There are many reasons to implement new learning and development methods within corporate environments, and some of them go beyond the technology itself. After all, tech breakthroughs are just means to an end. The result should be what matters, with leaders keeping a close eye on material training improvements they can place within their companies, driven on by the adoption of online methods. If replacing teachers in classrooms and whole-business seminars with IT solutions was a one-for-one exchange, it might not be worth it, but instead the transition to eLearning solutions is a portal to a more efficient and effective training model.
"ELearning enables a dual focus on individual workers and the company."
Today's businesses and their training methods
According to HR Magazine contributor Michael Moran, CEO of consultancy 10Eighty, there are flaws with the legacy version of learning and development programs. He cited data retention as a major problem, explaining that workers tend to retain one-tenth of the information imparted in these sessions. It's expensive and time-consuming to send professionals to seminars and day-long training meetings. If they are not even being taught in a way that will stick with them, the waste becomes inescapable, and it is time for leaders to fish for new approaches to training. This is where the tech-focused approach comes in.
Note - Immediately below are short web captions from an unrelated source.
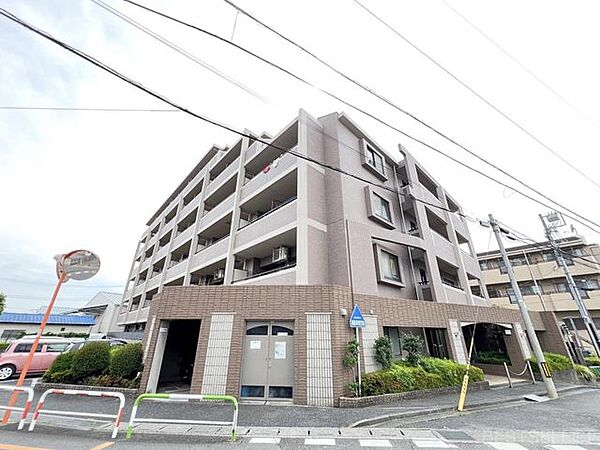 プライベート性が高く，落ち着いて過ごせる角住戸です。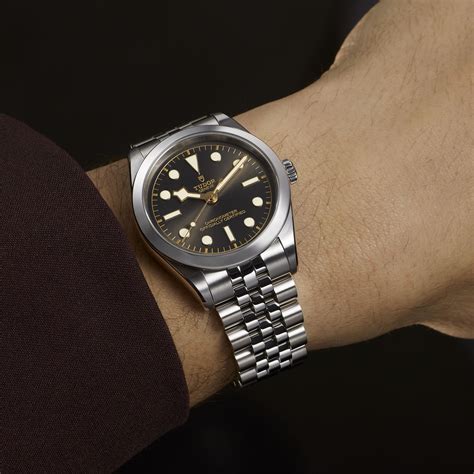 tudor black bay 31 mm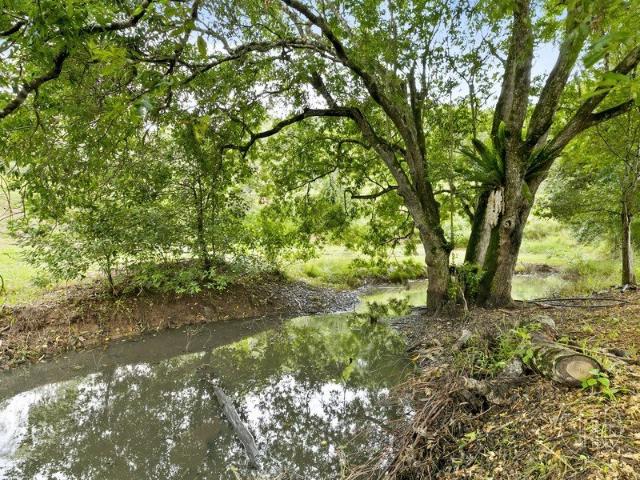 YOUR OWN CREEK. YOUR OWN 30 ACRES. YOUR KENILWORTH ESCAPE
Moran specified that today's top performers, the tuned-in workers who companies will want to retain, are eager to learn. However, their expectations and wishes for these programs have changed over the years in favor of IT-based processes that connect them with their colleagues through interfaces as friendly and effective as social networks. They are also curious about skills that are beyond the exact scope of their current roles. Allowing them access to ideas outside of their own responsibilities is uniquely possible online, where enabling an extra login to a course is much cheaper than setting aside a seat at an in-person event that calls for travel and time off.
The availability of online eLearning methods has increased in recent months and years. Moran explained these programs could be more affordable than leaders assume. Integrating these strategies, as he explained, will enable companies to at once attain a dual focus on what their individual workers want and the major goals of the company. This division is important, because pleasing workers is hugely vital to keep departments engaged and on-task, but if courses drift away from overall corporate objectives, they will prove to be a waste of time in the big picture. A meticulously customized eLearning strategy finds the middle ground.
Regimented and ready
Though learning is becoming more agile and easy to integrate in the current climate, that doesn't mean leaders can begin ignoring their programs or letting them run on autopilot. CLO Media contributor David Vance posited that learning departments should have strategies in place to dictate not only how information is measured but also the direction and purpose of the team and section. This means, he explained, drawing up the connection between the training department and the rest of the organization, squaring away the overall objectives of the business and the learning options available.